Reorder List

Given a singly linked list L: L0→L1→…→Ln-1→Ln,
reorder it to: L0→Ln→L1→Ln-1→L2→Ln-2→…

You must do this in-place without altering the nodes' values.

For example,

Given {1,2,3,4}, reorder it to {1,4,2,3}.

思路: 1. Set a slow pointer and fast pointer to find the middle of the link

2. Reverse the rear half list.

3. Merge the two list.

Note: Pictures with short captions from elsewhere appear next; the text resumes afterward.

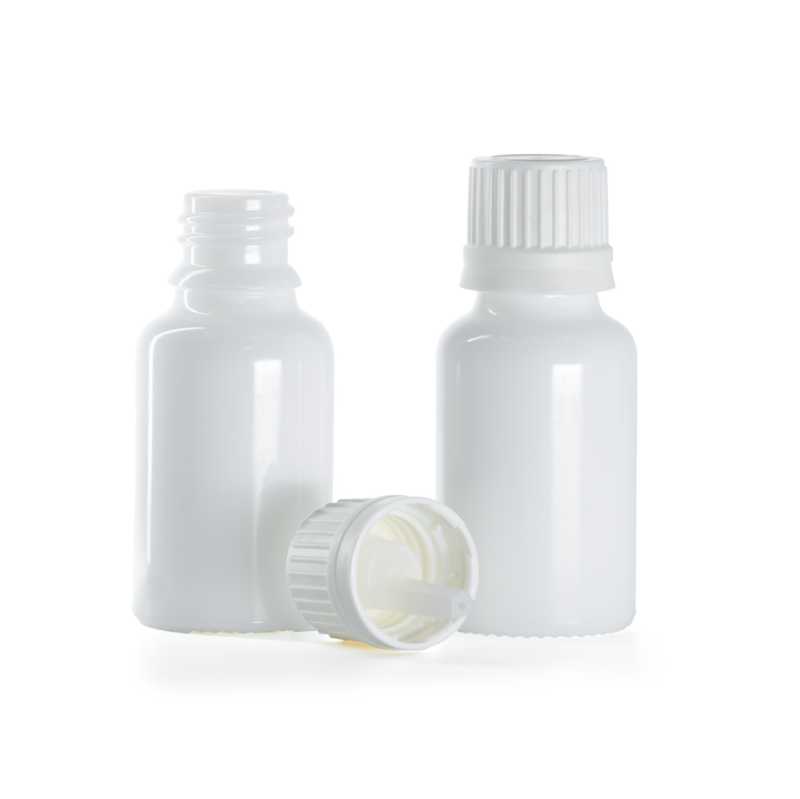 White Glass Bottle, White Tamper Evident Cap & Dropper, 15 ml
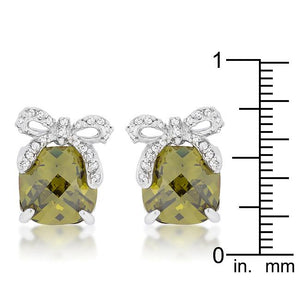 Olivine Drop Earrings with Bow - Jewelry Xoxo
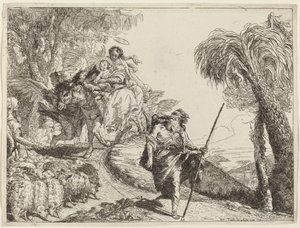 フォアグラウンドでのジョセフとの飛行 作： Giovanni Domenico Tiepolo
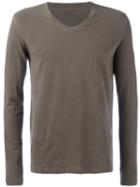 Majestic Filatures Longsleeved V-neck T-shirt, Men's, Size: Xxl, Green, Cotton/spandex/elastane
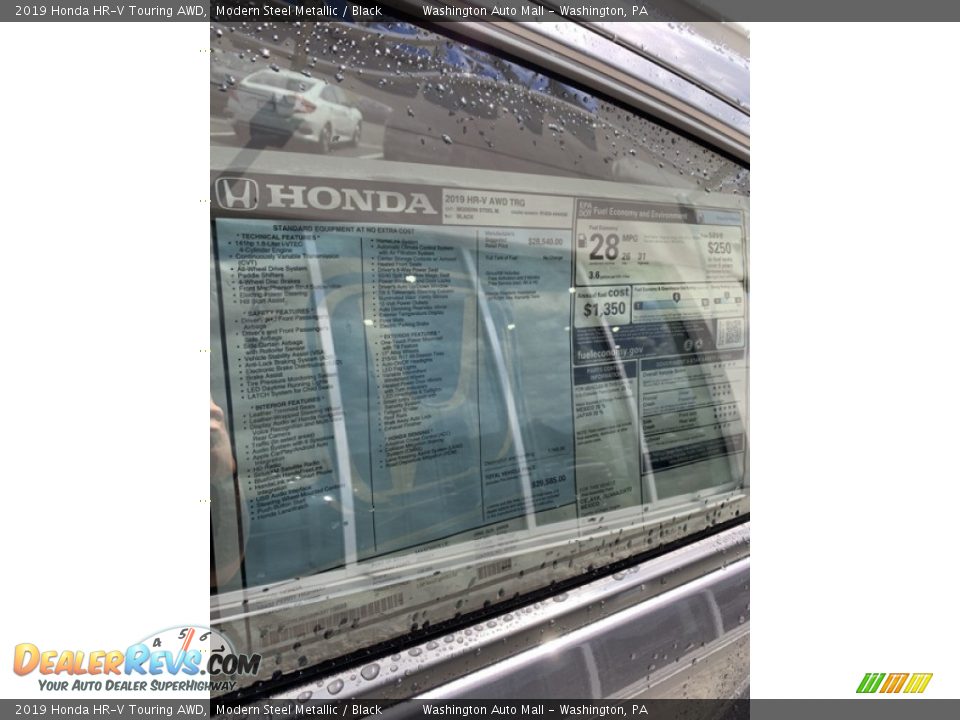 2019 Honda HR-V Touring AWD Modern Steel Metallic / Black Photo #15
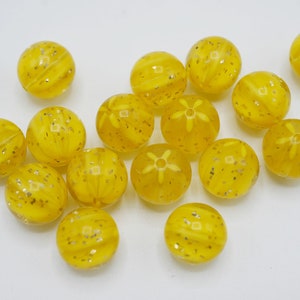 Vintage Bright Yellow Acrylic Beads Marble Like Gold Glitter Beads 11.5mm Yellow Beads (10pcs) HP87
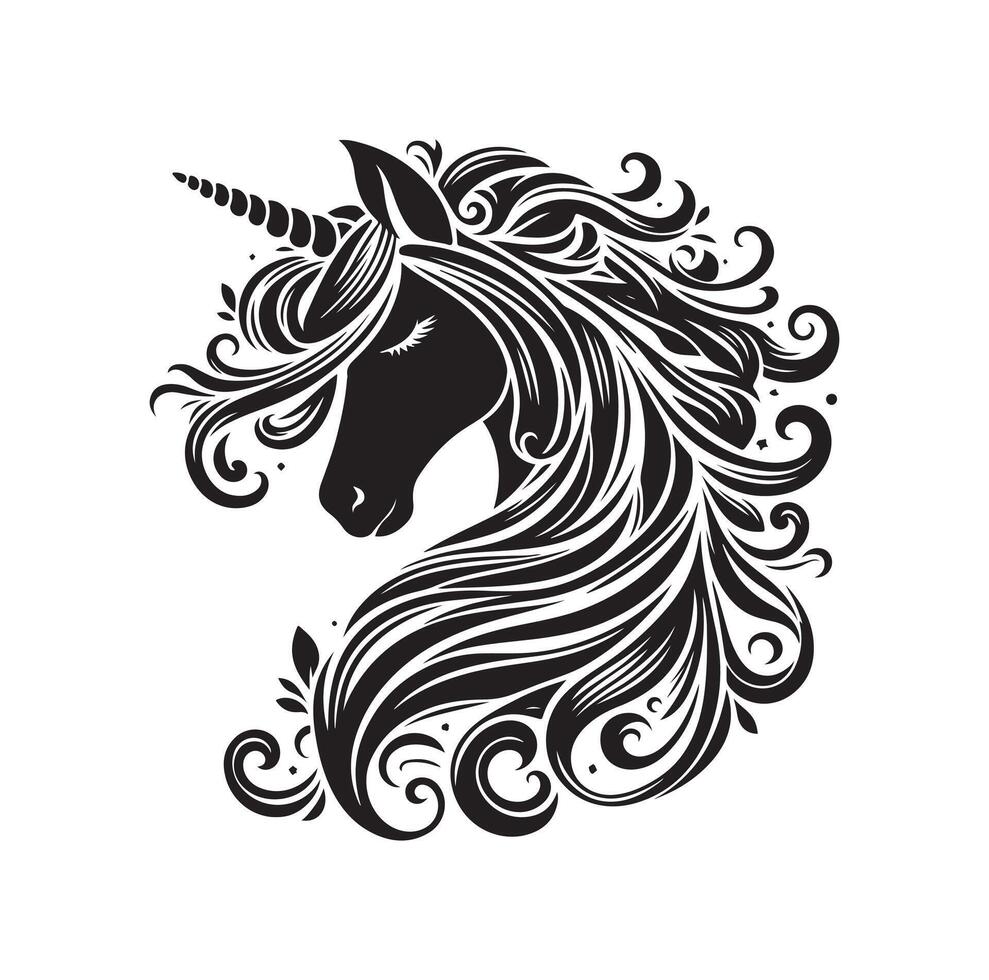 Licorne visage noir silhouette illustration vecteur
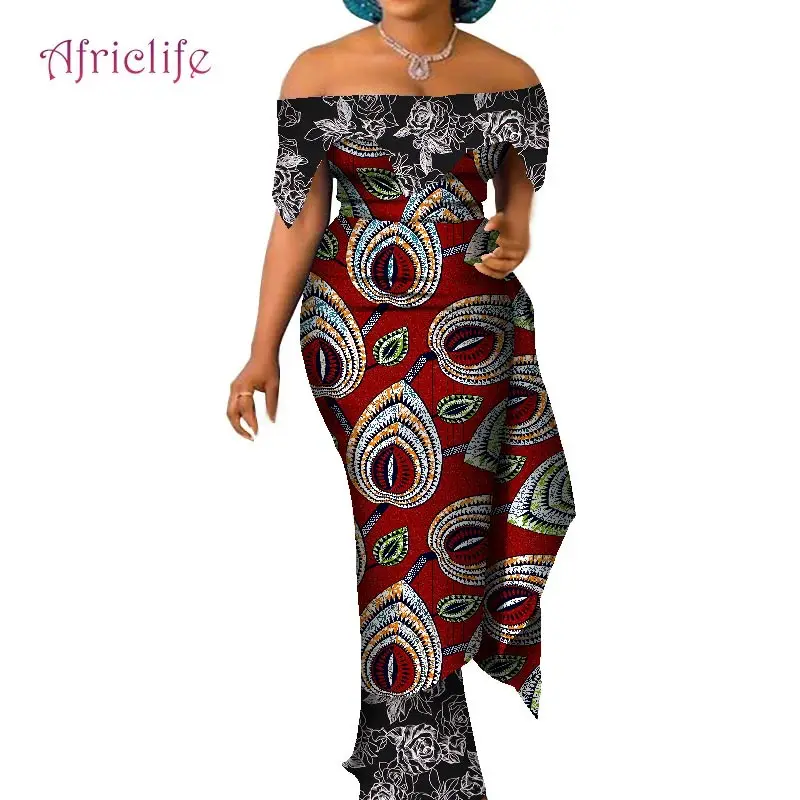 african outfits for ladies African Dresses for Women Traditional Off Shoulder Wax Print Cotton Elegant Lady Plus Size Custom Party Clothing Clothes WY7837 african suit Africa Clothing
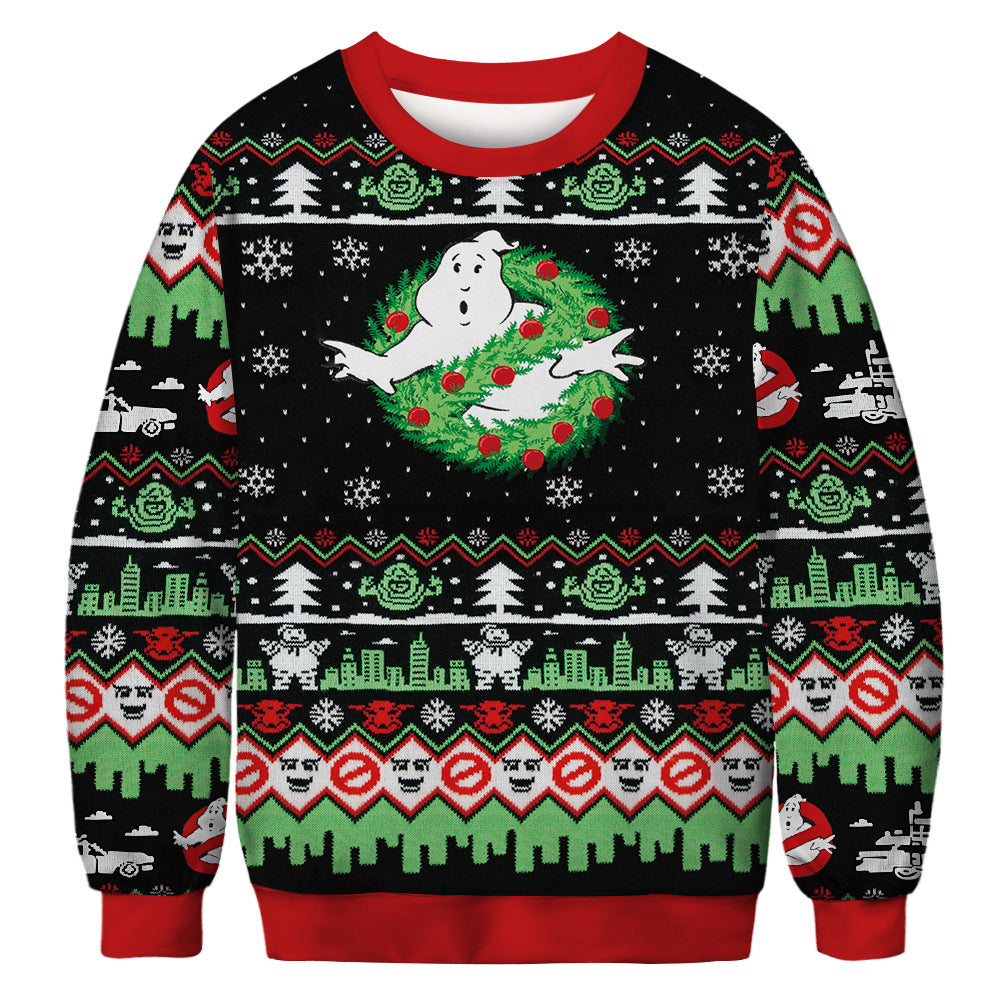 Christmas print sweater front view size S LumiqHome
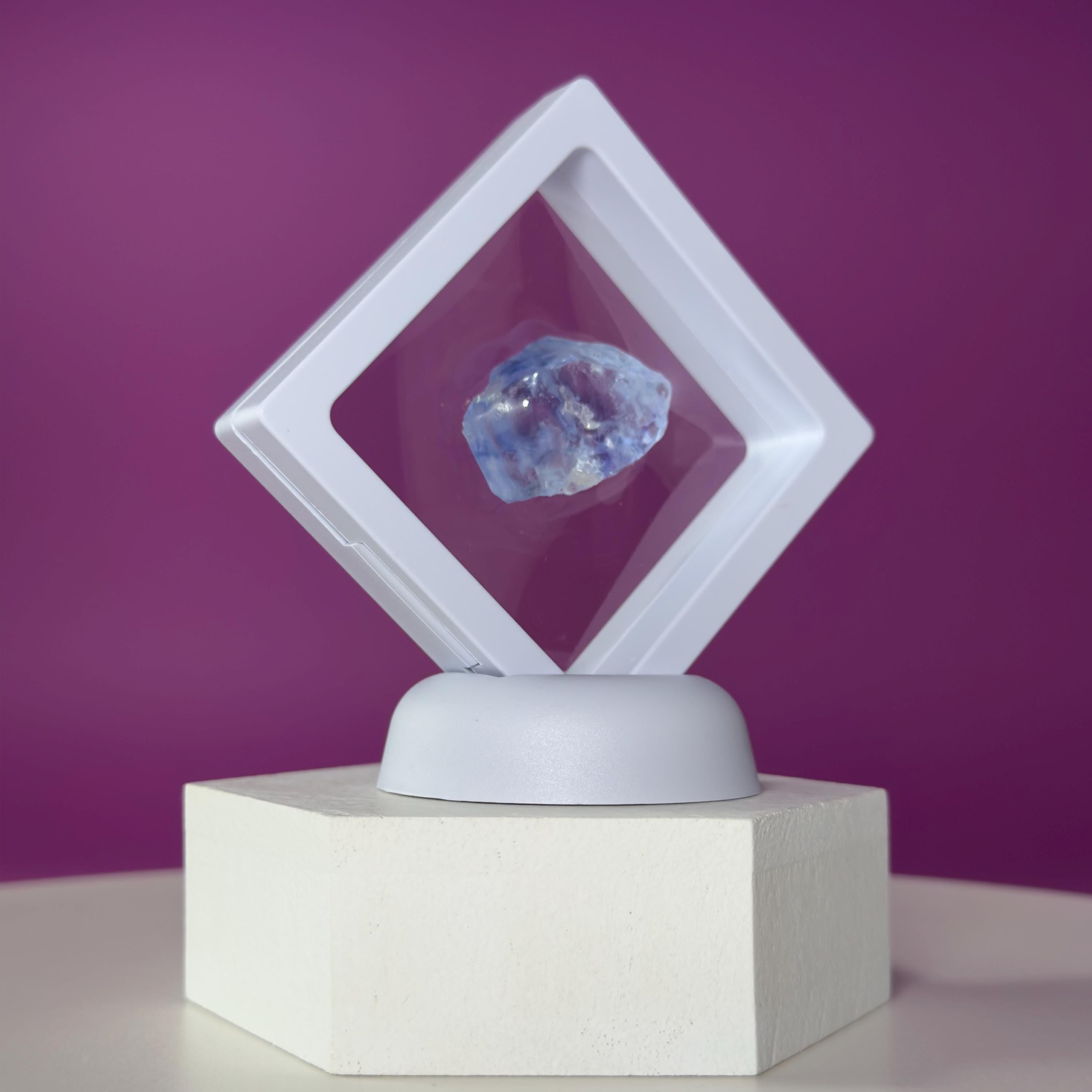 Mini Blue Halite Specimen | Rare Natural Blue Crystal | Display Stand Included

One by one.

易错点： 注意分开后的两个list  一定要断开连接，  slow.next = null !!!!  还有就是  判断循环结束 用 fast.next != null && fast.next.next != null

/**
 * Definition for singly-linked list.
 * class ListNode {
 *     int val;
 *     ListNode next;
 *     ListNode(int x) {
 *         val = x;
 *         next = null;
 *     }
 * }
 */
public class Solution {
    public void reorderList(ListNode head) {
        if(head == null)
            return;
        ListNode slow = head;
        ListNode fast = head;
        while(fast.next != null && fast.next.next != null){
            slow = slow.next;
            fast = fast.next.next;
        }
        fast = slow.next;// The rear half linked list
        slow.next = null;
        fast = reverseLinkList(fast);//Reverse the list
        slow = head;
        while(fast != null){
            ListNode cur = fast;
            fast = fast.next;
            cur.next = slow.next;
            slow.next = cur;
            slow = cur.next;
        }
    }
    
    private ListNode reverseLinkList(ListNode head){
        if(head == null)
            return head;
        ListNode newHead = new ListNode(0);
        while(head != null){
            ListNode cur = head;
            head = head.next;
            cur.next = newHead.next;
            //newHead.next = cur.next;
            newHead.next = cur;
        }
        return newHead.next;
    }
}